No es comida Kosher, es más, está prohibida en las comunidades judías. Para otros en cambio, este tipo de comida es el paraíso hecho substancia. Oreja y trompa de marrano, entrañas del cerdo hecho picadillo para rellenar sus tripas y una vez fritas en su misma manteca, se hace delicia en el buche de ajenos caminantes que pasan por la caseta de ventas.
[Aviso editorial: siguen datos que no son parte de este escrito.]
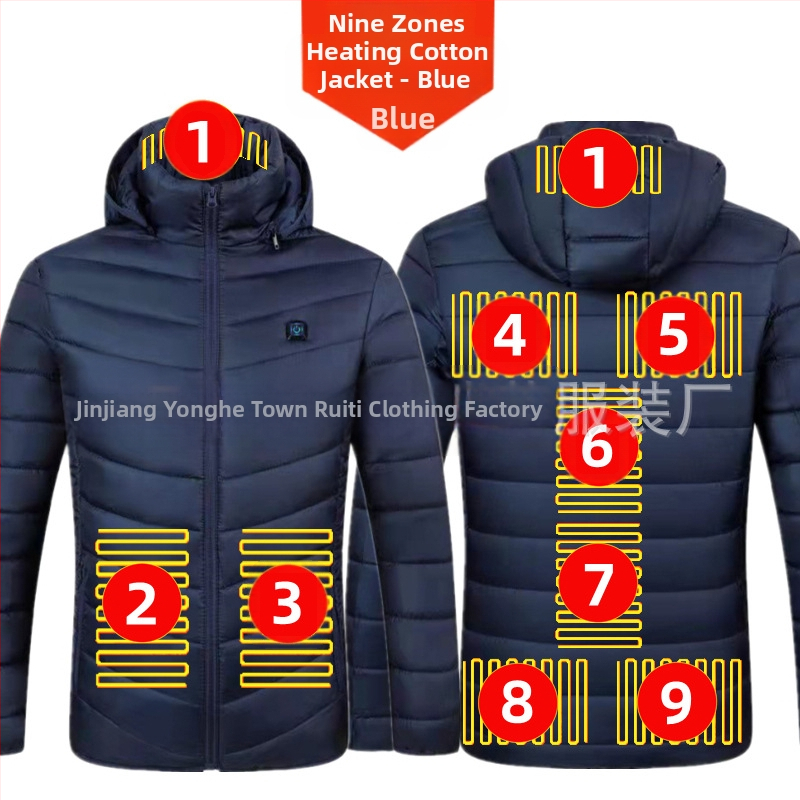 Pamučni kaput s četiri kontrolera i 25 zona grijanja, nova odjeća za grijanje velikih površina, europska i američka prekogranična popularna veleprodaja pamučnog kaputa s grijanjem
Algunos le llamarían eficiencia a tal rendimiento del cuerpo del cerdo. “¡Todo sirve, todo se come!”, diría el señor aquel de panza llena que asoma por fuera de la camisa, palillo entre dientes, erupto fogoso, ajo en el ambiente. El comenzal de tremendas viandas se deleita en la grasa amortiguada por la arepa simple y absorbente, a menos que la misma esté ungida de mantequilla.
Foto tomada en La Ceja, oriente antioqueño.


No, no; esto sí es la tapa del congolo. Eso para los que pasamos del séptimo piso de la vida, es una tortura que los médicos apoyan. Tan malos ellos, que a escondidas se chupan hasta los dedos importándoles un bledo los tales triglicéridos, ni nada que se le parezca. Mis mejores sueños otoñales, Carlos, están engrasados hasta la médula por el “cabeza agachado” y todo su tripitorio y mis babas así lo corroboran.
La cultura gastronomica popular colombiana está arraigada a lo más profundo de nuestra salvaje tri etnia, carnívoros, herbívoros y acuíferos, pata de res, jeta, cuajo. libro, que por nada del mundo los islámicos o cualquiera que se precie de musulman, vegetariano se atrevería a poner un ojo encima de estos platillos tan exóticos como inpasables, pero, “on una buena hambre no hay mal pan”, diría mi abuela, a lo que debemos sentirnos orgullosos de que en Colombia SÍ comemos de todo …moriremos de todo menos de hambre..que viva la Pelanga, la fritanga, la chinchurria, la pola y todo lo que se vive en nuestra cultura gastronómica popular colombiana.